• _YOUR GOAL_
Each line from the one holding "Zebra desen, vektör, illüstrasyon" through the end of the records should be returned exactly, while pictures are skipped.

Image-caption web data
---------------
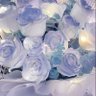 Фото профиля Blue Rose@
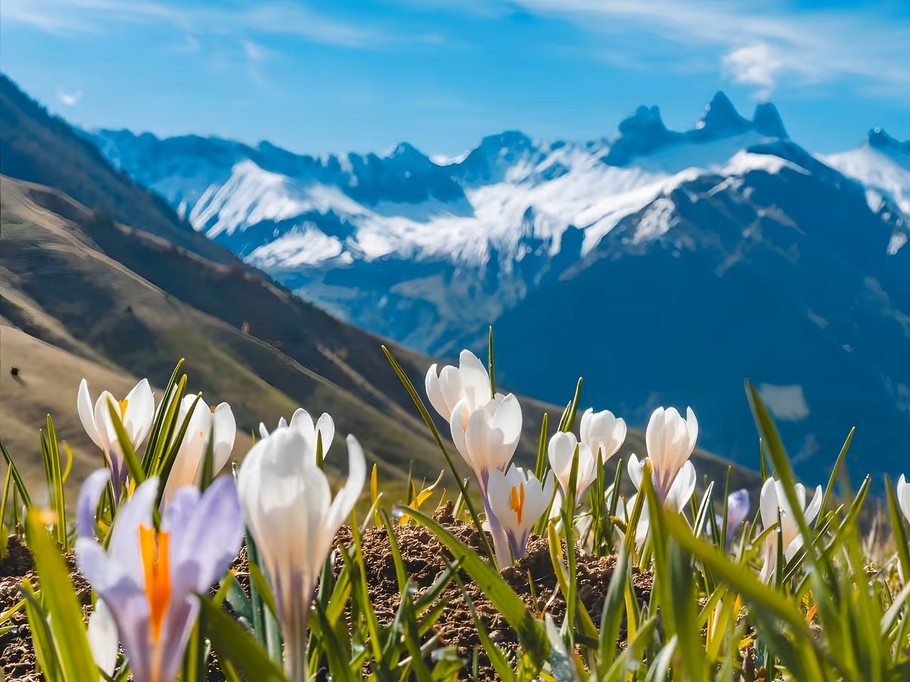 Photo n° 16 de la location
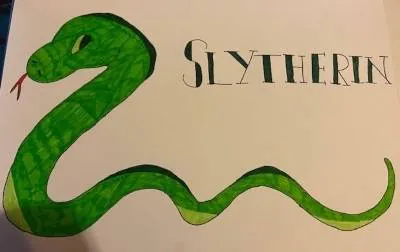 Image posted by the member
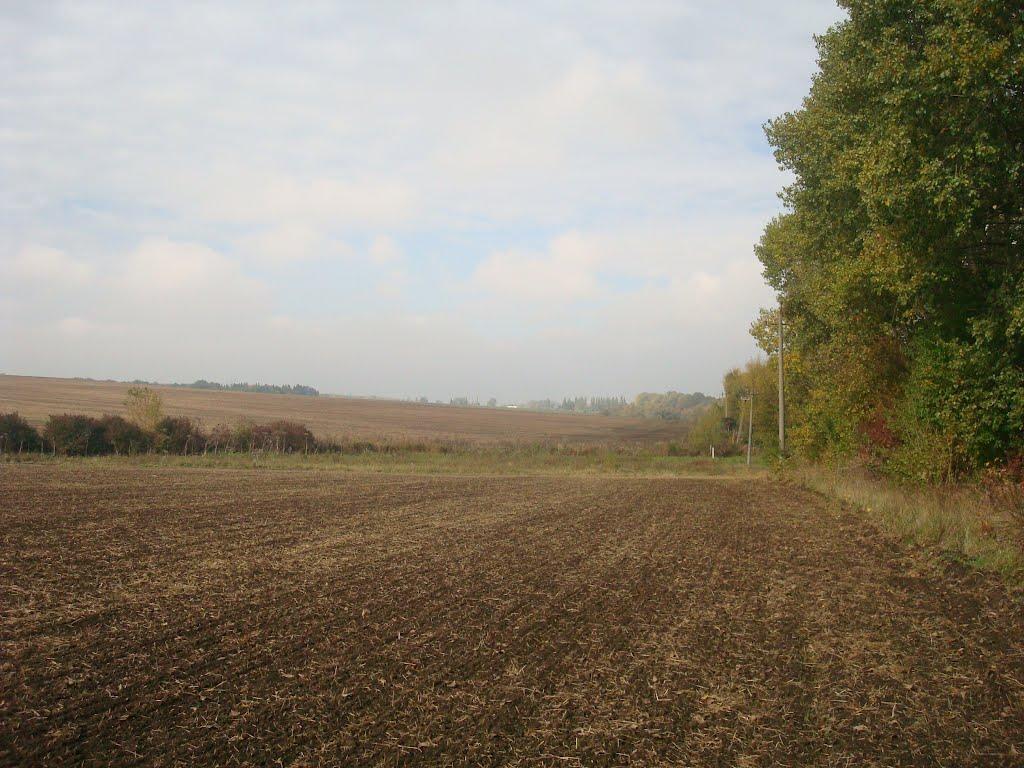 Олешин з panoramio.com - Олешин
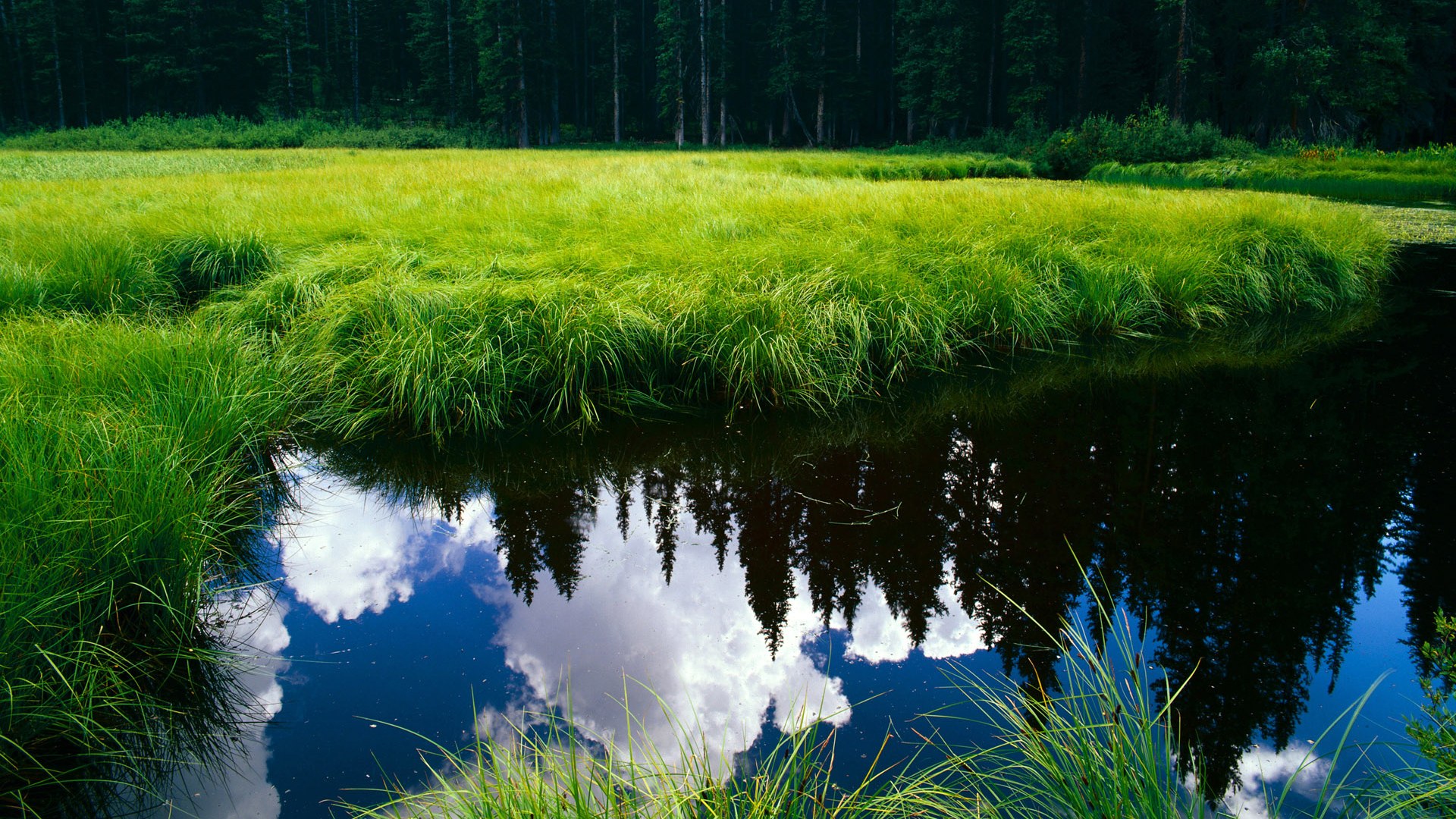 五大联赛争冠形势逐渐明朗，五大联赛精彩程度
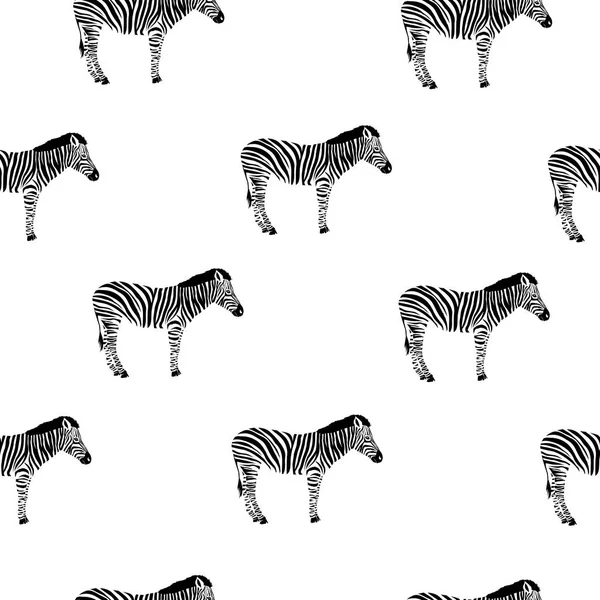 Zebra desen, vektör, illüstrasyon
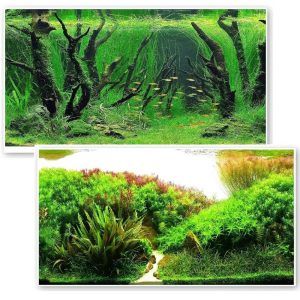 Fundal acvariu 2 fețe 50 cm X 1 metru model PS84-85-50cm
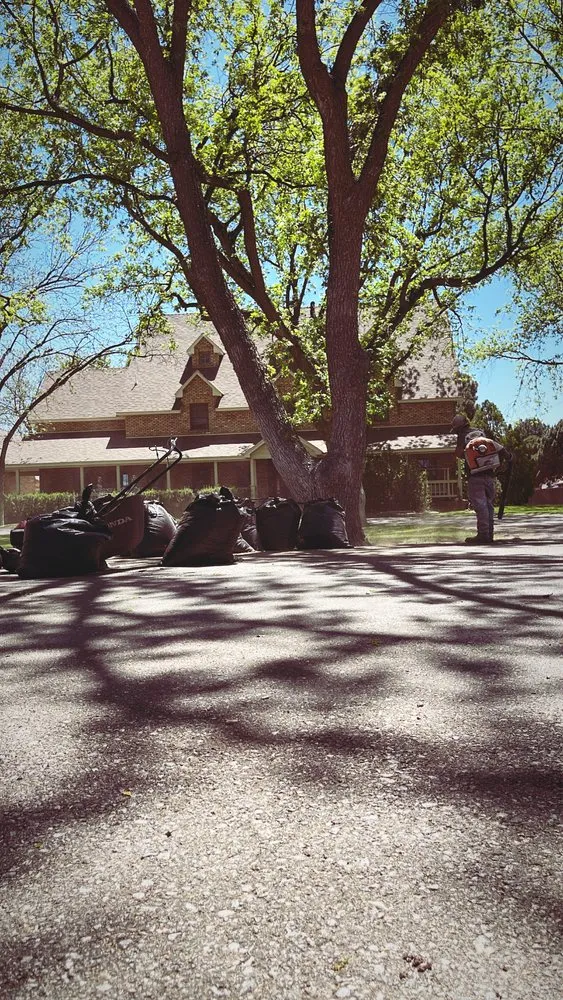 Expert yard cleanup service in Carlsbad, NM by Rocha's Landscaping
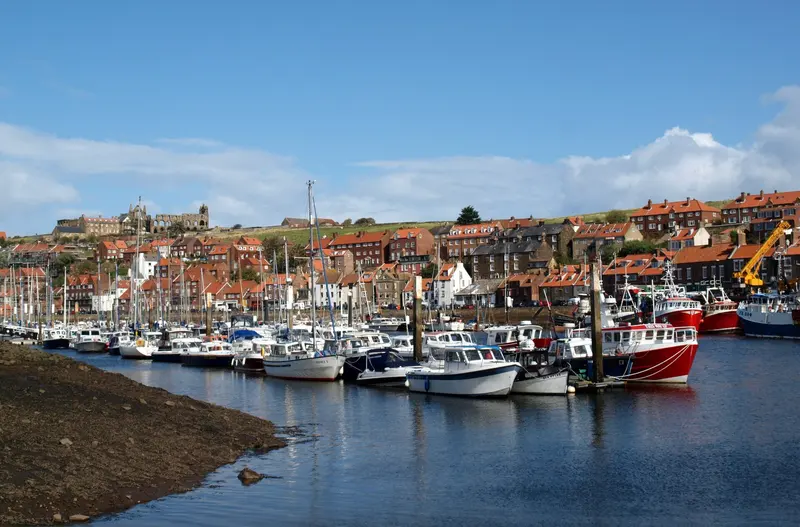 Yachts and motor boats moored in Whitby marina on the River Esk, with rows of red-roofed houses climbing the hillside behind under a blue sky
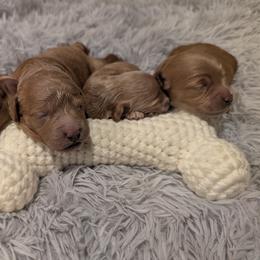 Mabel - Red  female Goldendoodle puppy in Atco, New Jersey from Flannery’s lucky puppies 🍀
---------------
• _RESPONSE TO THIS TASK_
 Zebra desen, vektör, illüstrasyon
 Fundal acvariu 2 fețe 50 cm X 1 metru model PS84-85-50cm
 Expert yard cleanup service in Carlsbad, NM by Rocha's Landscaping
 Yachts and motor boats moored in Whitby marina on the River Esk, with rows of red-roofed houses climbing the hillside behind under a blue sky
 Mabel - Red  female Goldendoodle puppy in Atco, New Jersey from Flannery’s lucky puppies 🍀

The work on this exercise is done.